A raygun is a type of fictional device that fires a beam of (usually) destructive energy used in science fiction; a form of directed-energy weapon. They have various alternate names: ray gun, death ray, beam gun, blaster, laser gun, laser pistol, phaser, zap gun, etc. They are a well-known feature of science fiction; for such stories, they typically have the general function of guns. In most stories, when activated, a raygun emits a ray, typically visible, usually lethal if it hits a human target, often destructive if it hits mechanical objects, with properties and other effects unspecified or varying.
Real-life analogues are particle-beam weapons or electrolasers, electroshock weapons which send current along an electrically conductive laser-induced plasma channel.

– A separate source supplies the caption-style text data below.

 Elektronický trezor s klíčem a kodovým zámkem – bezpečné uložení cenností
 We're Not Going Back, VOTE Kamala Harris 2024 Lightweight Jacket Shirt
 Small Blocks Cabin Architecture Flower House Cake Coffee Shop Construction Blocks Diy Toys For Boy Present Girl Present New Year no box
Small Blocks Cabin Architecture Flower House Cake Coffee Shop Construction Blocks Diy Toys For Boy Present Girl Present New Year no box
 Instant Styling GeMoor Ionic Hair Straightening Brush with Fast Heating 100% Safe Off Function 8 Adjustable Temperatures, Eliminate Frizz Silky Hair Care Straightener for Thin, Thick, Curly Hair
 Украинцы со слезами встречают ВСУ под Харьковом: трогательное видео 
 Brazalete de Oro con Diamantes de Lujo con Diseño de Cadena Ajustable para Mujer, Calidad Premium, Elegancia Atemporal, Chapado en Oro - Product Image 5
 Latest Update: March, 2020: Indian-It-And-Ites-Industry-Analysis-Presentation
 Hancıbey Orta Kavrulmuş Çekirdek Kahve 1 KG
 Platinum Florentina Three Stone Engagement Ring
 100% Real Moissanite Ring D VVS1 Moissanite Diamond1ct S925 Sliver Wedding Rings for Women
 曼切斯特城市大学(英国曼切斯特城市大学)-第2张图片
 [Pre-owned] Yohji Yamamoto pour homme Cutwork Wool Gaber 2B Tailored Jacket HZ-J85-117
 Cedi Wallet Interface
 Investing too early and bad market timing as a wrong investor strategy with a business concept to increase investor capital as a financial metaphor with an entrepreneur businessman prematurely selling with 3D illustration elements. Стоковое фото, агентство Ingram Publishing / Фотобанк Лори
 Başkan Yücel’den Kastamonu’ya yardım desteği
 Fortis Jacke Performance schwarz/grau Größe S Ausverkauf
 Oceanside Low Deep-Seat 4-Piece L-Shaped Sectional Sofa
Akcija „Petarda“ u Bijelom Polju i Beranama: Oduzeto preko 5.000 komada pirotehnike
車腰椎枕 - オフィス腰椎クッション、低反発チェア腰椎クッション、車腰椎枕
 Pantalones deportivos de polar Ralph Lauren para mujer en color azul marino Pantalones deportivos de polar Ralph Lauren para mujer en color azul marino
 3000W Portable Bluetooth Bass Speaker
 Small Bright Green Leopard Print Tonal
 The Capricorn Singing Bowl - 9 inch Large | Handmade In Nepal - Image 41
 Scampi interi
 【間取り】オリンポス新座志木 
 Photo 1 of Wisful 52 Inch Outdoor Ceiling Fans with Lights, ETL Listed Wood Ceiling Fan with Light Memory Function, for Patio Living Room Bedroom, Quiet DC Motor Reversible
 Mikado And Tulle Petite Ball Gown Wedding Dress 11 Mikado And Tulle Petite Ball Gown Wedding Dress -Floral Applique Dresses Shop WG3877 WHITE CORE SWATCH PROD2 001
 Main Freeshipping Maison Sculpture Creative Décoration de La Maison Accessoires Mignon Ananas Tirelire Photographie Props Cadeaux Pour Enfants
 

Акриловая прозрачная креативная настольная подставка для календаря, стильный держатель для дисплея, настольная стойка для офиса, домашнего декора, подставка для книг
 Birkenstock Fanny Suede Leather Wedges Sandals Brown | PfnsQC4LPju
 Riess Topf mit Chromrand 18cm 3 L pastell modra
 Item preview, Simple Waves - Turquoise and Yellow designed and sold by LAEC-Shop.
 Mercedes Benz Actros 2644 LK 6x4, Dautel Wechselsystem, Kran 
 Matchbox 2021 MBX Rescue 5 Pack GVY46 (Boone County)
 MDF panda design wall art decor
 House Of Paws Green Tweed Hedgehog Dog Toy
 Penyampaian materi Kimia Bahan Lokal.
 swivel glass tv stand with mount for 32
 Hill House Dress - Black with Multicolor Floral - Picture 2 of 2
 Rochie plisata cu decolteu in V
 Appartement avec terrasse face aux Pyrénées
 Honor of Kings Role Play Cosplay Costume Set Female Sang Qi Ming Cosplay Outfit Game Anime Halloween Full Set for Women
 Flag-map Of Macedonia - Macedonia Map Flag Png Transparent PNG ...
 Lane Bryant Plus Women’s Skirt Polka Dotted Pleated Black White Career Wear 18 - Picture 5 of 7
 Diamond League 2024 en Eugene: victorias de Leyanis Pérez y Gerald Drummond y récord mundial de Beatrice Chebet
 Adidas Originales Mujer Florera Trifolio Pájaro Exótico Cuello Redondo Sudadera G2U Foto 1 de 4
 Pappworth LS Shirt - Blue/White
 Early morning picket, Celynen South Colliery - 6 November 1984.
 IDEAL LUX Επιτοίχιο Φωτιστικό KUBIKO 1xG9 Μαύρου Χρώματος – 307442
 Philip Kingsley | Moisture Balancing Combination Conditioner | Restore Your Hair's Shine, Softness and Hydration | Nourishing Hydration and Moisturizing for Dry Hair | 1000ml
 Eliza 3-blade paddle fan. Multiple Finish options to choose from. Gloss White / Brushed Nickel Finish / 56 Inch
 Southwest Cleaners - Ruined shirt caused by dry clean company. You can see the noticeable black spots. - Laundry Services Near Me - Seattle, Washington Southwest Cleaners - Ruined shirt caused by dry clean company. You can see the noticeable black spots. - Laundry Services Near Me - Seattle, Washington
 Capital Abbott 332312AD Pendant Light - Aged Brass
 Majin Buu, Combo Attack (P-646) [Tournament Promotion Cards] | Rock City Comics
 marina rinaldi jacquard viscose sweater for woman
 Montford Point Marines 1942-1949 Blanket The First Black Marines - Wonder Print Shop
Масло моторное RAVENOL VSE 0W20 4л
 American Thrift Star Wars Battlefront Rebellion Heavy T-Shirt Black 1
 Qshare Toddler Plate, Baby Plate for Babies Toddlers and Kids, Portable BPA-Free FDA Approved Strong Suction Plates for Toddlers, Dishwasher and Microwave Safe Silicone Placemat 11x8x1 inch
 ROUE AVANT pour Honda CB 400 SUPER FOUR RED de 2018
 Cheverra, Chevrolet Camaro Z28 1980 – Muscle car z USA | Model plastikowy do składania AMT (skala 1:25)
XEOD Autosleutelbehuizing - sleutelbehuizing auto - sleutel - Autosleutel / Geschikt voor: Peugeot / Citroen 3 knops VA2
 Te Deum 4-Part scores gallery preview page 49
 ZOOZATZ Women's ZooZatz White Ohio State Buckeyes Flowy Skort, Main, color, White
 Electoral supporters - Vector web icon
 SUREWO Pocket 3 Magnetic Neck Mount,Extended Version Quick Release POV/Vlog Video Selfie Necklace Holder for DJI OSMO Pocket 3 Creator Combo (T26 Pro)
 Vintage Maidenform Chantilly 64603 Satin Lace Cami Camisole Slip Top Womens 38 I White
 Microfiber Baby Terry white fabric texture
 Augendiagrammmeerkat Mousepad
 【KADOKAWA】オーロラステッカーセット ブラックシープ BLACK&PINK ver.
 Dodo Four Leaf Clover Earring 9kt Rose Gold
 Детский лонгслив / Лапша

A very early example of a raygun is the Heat-Ray featured in H. G. Wells' novel The War of the Worlds (1898). Science fiction during the 1920s described death rays. Early science fiction often described or depicted raygun beams making bright light and loud noise like lightning or large electric arcs.
According to The Encyclopedia of Science Fiction, the word "ray gun" was first used by Victor Rousseau in 1917, in a passage from The Messiah of the Cylinder:
All is not going well, Arnold: the ray-rods are emptying fast, and our attack upon the lower level of the wing has failed. Sanson has placed a ray-gun there. All depends on the air-scouts, and we must hold our positions until the battle-planes arrive.
The variant "ray projector" was used by John W. Campbell in The Black Star Passes in 1930. Related terms "disintegrator ray" dates to 1898 in Garrett P. Serviss' Edison's Conquest of Mars; "blaster" dates to 1925 in Nictzin Dyalhis' story "When the Green Star Waned;" and "needle ray" and "needler" date to 1934 in E.E. Smith's The Skylark of Valeron.